▶ _TASK PROMPT_
Both the line with "2019 Mercedes-Benz CLS 450 4MATIC" and the line with "Позашляховик / Кросовер Kia Soul EV 2022 в Києві фото" in the records below must appear in the output, along with every line between them, exactly and with nothing added.
SOURCE RECORDS section start
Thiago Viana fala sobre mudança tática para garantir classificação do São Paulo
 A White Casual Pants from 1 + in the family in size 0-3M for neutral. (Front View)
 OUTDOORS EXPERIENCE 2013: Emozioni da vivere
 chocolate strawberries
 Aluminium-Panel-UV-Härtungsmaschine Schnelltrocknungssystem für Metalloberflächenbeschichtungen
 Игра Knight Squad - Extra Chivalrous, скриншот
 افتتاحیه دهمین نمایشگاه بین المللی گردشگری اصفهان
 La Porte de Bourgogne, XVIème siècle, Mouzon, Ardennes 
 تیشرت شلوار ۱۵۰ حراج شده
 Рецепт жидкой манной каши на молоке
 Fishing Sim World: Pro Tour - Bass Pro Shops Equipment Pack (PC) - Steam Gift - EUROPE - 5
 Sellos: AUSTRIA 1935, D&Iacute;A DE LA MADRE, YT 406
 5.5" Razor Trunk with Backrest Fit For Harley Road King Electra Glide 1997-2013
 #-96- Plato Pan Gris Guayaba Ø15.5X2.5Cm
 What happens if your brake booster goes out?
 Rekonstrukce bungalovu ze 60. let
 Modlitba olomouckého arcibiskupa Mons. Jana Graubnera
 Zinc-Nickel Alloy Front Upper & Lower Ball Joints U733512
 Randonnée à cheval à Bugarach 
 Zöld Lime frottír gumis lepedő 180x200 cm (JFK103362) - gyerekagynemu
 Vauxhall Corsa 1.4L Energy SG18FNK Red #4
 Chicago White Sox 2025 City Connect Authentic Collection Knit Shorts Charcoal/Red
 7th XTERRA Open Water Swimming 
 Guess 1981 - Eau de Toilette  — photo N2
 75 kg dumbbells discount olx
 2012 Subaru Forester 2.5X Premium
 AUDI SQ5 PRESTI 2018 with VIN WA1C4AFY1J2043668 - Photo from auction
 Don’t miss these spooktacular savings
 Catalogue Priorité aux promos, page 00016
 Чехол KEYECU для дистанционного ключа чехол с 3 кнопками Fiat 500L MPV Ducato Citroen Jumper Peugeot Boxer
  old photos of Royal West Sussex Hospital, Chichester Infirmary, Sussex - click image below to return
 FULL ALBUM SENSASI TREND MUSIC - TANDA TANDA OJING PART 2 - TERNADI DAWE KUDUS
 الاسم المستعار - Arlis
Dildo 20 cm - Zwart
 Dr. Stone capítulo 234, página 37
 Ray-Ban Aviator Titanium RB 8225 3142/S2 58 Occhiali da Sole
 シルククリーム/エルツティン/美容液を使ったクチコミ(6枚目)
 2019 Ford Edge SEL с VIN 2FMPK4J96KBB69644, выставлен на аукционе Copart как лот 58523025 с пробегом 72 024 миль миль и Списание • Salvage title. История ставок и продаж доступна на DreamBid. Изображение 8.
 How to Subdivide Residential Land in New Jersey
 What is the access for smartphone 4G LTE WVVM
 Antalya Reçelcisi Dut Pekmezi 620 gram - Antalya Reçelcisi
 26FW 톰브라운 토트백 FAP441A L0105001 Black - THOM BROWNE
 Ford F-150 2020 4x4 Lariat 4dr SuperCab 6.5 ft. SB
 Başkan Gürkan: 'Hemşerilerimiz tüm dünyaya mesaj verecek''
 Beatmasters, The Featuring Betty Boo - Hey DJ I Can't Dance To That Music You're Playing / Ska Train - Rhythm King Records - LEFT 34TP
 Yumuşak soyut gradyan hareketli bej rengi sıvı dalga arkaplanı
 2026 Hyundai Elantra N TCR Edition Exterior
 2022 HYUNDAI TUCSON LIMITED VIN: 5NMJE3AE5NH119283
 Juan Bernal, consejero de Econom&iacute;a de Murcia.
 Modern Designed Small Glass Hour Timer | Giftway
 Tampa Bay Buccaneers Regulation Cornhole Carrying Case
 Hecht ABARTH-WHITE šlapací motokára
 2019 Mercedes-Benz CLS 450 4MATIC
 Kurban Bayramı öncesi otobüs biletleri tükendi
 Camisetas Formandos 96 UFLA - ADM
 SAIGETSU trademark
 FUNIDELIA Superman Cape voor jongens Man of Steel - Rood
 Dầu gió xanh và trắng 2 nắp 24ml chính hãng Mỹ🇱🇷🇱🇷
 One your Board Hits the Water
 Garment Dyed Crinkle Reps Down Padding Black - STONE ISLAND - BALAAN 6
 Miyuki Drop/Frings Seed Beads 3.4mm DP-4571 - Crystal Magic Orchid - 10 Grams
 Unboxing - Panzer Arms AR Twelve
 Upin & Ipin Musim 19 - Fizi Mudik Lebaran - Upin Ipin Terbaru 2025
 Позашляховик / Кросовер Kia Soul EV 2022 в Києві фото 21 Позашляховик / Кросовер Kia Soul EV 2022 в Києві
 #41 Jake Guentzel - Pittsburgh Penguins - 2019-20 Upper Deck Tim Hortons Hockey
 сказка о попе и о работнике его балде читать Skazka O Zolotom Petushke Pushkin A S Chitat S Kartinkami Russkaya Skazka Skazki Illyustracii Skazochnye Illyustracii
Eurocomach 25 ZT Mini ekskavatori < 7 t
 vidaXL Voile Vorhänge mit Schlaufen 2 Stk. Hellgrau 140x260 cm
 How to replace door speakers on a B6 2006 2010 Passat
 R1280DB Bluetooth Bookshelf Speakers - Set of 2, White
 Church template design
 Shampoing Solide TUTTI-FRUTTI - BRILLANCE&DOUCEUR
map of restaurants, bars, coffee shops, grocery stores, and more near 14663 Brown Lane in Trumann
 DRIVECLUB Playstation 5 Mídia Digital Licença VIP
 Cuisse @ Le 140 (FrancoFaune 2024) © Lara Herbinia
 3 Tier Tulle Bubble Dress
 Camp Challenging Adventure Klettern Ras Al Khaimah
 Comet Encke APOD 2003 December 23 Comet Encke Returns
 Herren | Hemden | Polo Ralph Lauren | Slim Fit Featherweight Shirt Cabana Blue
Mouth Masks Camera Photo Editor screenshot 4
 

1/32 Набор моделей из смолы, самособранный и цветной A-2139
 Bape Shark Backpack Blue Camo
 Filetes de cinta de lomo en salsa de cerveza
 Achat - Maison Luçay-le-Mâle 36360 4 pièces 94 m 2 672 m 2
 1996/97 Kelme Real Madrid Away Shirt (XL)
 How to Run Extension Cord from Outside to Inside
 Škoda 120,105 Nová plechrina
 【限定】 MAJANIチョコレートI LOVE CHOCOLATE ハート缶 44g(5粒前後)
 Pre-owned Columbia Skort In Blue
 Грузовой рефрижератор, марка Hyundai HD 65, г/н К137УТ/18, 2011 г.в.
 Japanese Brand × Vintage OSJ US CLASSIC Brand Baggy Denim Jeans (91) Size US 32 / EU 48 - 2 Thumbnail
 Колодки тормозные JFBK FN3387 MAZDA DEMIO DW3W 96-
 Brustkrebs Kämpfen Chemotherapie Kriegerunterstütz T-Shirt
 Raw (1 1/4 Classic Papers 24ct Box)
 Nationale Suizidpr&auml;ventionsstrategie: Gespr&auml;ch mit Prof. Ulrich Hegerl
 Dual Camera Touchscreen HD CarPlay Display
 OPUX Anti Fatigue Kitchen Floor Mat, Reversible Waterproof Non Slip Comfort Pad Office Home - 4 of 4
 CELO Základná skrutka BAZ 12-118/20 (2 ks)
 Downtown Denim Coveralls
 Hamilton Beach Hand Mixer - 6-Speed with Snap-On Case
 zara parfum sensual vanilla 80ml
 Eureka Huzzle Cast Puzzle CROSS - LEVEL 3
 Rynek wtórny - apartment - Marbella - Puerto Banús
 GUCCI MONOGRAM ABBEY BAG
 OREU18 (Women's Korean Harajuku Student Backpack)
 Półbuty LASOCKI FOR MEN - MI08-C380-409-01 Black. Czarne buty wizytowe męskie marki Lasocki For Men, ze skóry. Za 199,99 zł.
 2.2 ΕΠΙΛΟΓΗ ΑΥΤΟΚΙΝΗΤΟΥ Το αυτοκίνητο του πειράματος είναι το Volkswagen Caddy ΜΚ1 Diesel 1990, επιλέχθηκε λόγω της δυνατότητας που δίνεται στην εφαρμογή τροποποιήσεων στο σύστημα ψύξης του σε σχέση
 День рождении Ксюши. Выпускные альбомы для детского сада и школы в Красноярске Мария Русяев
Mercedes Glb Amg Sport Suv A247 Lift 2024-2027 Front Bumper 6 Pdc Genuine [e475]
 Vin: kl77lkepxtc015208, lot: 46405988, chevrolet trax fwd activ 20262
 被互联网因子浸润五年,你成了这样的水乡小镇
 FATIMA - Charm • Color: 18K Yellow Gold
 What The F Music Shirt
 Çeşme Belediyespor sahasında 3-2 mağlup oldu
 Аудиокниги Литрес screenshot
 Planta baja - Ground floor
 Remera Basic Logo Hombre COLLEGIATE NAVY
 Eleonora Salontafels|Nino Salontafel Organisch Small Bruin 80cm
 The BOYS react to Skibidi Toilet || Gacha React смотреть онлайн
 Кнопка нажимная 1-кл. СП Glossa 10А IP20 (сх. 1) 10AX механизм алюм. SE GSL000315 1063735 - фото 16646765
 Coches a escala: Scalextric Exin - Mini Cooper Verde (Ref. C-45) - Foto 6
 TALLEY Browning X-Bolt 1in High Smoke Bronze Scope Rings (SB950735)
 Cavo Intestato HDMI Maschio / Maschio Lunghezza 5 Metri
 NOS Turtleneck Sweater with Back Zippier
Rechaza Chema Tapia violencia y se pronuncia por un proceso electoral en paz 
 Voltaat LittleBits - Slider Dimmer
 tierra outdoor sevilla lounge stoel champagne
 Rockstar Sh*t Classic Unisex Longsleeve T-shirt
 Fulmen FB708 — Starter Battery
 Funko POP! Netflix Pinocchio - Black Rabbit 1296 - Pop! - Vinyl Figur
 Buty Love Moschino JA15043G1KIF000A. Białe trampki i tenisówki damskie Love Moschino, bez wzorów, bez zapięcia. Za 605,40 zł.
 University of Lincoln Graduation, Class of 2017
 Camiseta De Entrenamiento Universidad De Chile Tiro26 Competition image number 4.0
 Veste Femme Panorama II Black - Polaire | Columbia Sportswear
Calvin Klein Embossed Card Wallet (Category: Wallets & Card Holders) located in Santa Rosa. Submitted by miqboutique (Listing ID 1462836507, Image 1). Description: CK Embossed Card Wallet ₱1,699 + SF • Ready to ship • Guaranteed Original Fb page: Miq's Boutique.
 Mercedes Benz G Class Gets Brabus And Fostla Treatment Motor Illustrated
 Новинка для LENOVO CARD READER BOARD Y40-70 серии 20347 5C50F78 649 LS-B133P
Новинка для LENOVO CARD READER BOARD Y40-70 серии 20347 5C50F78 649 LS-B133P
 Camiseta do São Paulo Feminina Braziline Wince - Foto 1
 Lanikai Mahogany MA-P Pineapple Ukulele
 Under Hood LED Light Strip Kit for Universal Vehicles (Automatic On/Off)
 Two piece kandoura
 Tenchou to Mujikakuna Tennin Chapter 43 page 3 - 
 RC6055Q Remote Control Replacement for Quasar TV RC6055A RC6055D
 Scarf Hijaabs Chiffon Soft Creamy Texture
SOURCE RECORDS section end
▶ _OUTPUT FOR THIS TASK_
 2019 Mercedes-Benz CLS 450 4MATIC
 Kurban Bayramı öncesi otobüs biletleri tükendi
 Camisetas Formandos 96 UFLA - ADM
 SAIGETSU trademark
 FUNIDELIA Superman Cape voor jongens Man of Steel - Rood
 Dầu gió xanh và trắng 2 nắp 24ml chính hãng Mỹ🇱🇷🇱🇷
 One your Board Hits the Water
 Garment Dyed Crinkle Reps Down Padding Black - STONE ISLAND - BALAAN 6
 Miyuki Drop/Frings Seed Beads 3.4mm DP-4571 - Crystal Magic Orchid - 10 Grams
 Unboxing - Panzer Arms AR Twelve
 Upin & Ipin Musim 19 - Fizi Mudik Lebaran - Upin Ipin Terbaru 2025
 Позашляховик / Кросовер Kia Soul EV 2022 в Києві фото 21 Позашляховик / Кросовер Kia Soul EV 2022 в Києві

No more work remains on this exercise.